With the repo rate going up and the marginal standing facility (MSF) rate going down, bankers are being cautious about moving their lending and deposit rates in any direction.
“I think there will be some change in rates. Which way and what, I think you will have to wait for the Alco (assets and liabilities committee) meetings to happen," Arundhati Bhattacharya, chairperson, State Bank of India (SBI) said, adding that the bank's Alco would meet over the next 24 hours.
On Tuesday, the RBI reduced the MSF rate by 25 bps to 8.75%, while raising the repo rate by the same quantum to 7.75%. Bankers say the reduction in the MSF rate will bring down their cost of funds. However, the second half of the year is usually a time of tight liquidity and higher demand, which would also be a key deciding factor when it comes to rates.

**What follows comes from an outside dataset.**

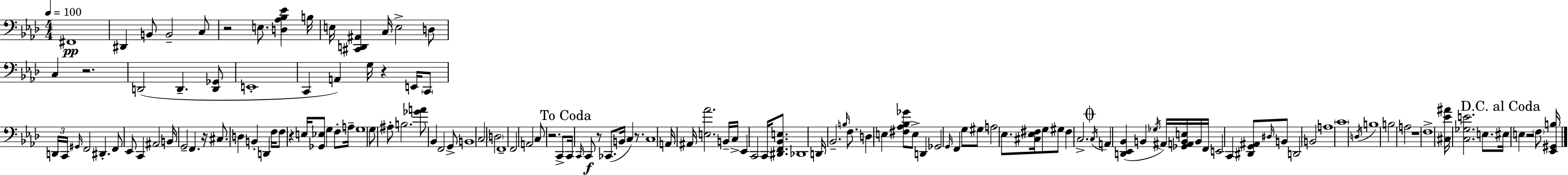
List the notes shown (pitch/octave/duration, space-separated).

F#2/w D#2/q B2/e B2/h C3/e R/h E3/e. [D3,Ab3,Bb3,Eb4]/q B3/s E3/s [C#2,D2,A#2]/q C3/s E3/h D3/e C3/q R/h. D2/h D2/q. [D2,Gb2]/e E2/w C2/q A2/q G3/s R/q E2/s C2/e D2/s C2/s G#2/s F2/h D#2/q. F2/e Eb2/e C2/q A#2/h B2/s G2/h F2/q. R/s C#3/e. D3/q B2/q D2/q F3/s F3/e R/q E3/s [Gb2,Eb3]/e G3/q F3/e A3/s G3/w G3/e A#3/e B3/h. [Gb4,A4]/e Bb2/q F2/h G2/e B2/w C3/h D3/h F2/w F2/h A2/h C3/e R/h. C2/e C2/s C2/s C2/e R/e CES2/e. B2/s C3/q R/e. C3/w A2/s A#2/s [E3,Ab4]/h. B2/s C3/s Eb2/q C2/h C2/s [D#2,F2,Bb2,E3]/e. Db2/w D2/s Bb2/h. B3/s F3/e. D3/q E3/q [F#3,Ab3,Bb3,Gb4]/e E3/e D2/q Gb2/h G2/s F2/q G3/e G#3/e A3/h Eb3/e. [C#3,Eb3,F#3]/s G3/e G#3/e F#3/q C3/h. C3/s A2/q [D2,Eb2,Bb2]/q B2/q Gb3/s A#2/s [Gb2,A2,B2,E3]/s B2/s F2/s E2/h C2/q [D#2,G2,A#2]/e D#3/s B2/e D2/h B2/h A3/w C4/w D3/s B3/w B3/h A3/h R/w F3/w [C#3,Eb4,A#4]/s [C3,Gb3,E4]/h. E3/e. EIS3/s E3/q R/h F3/e [Eb2,G#2,B3]/s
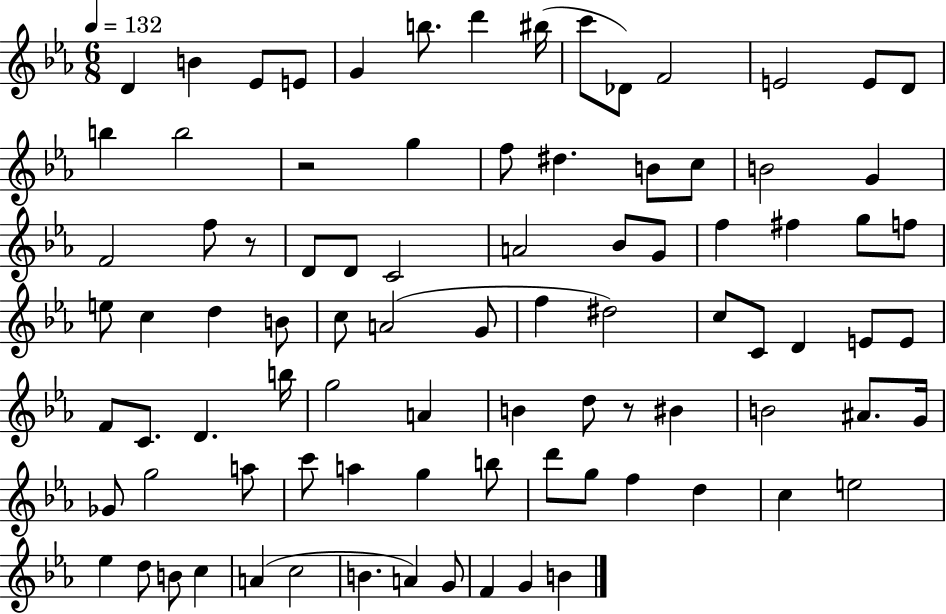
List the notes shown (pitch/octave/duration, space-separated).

D4/q B4/q Eb4/e E4/e G4/q B5/e. D6/q BIS5/s C6/e Db4/e F4/h E4/h E4/e D4/e B5/q B5/h R/h G5/q F5/e D#5/q. B4/e C5/e B4/h G4/q F4/h F5/e R/e D4/e D4/e C4/h A4/h Bb4/e G4/e F5/q F#5/q G5/e F5/e E5/e C5/q D5/q B4/e C5/e A4/h G4/e F5/q D#5/h C5/e C4/e D4/q E4/e E4/e F4/e C4/e. D4/q. B5/s G5/h A4/q B4/q D5/e R/e BIS4/q B4/h A#4/e. G4/s Gb4/e G5/h A5/e C6/e A5/q G5/q B5/e D6/e G5/e F5/q D5/q C5/q E5/h Eb5/q D5/e B4/e C5/q A4/q C5/h B4/q. A4/q G4/e F4/q G4/q B4/q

“Cost of funds over the last three months would have gone up. As we are now going back to the normal monetary policy, over a period of time, it would come down,” said Aditya Puri, managing director & chief executive officer, HDFC Bank.
According to KR Kamath, chairman and managing director, Punjab National Bank, the central bank has cautioned lenders that for better liquidity management, they would have to raise more deposits.
“There is also a feeling that what returns they are giving to depositors are negative if you factor in the inflation impact. Unless you make your deposits attractive, the funds may not come into the banking system; they will find their way into alternative channels where returns are better,” Kamath said, adding that it was essential to offer better rates to depositors.
In its Macroeconomic and Monetary Development report on Monday, RBI had pointed out that deposit and lending rates in the system have gone up during the July-September period, owing to the liquidity control measures it had announced early July.
The increase in MSF rate had resulted in an increase of 20 bps q-o-q in the cost of borrowing during the July-September period, RBI said in its report. This rise was mainly with respect to short-term maturities of up to 180 days, reflecting the tightening of liquidity conditions.
While base rates for most banks remained the same, the weighted average lending rate on fresh rupee loans sanctioned by banks went up sharply by 42 bps between June and August, to 12.04%.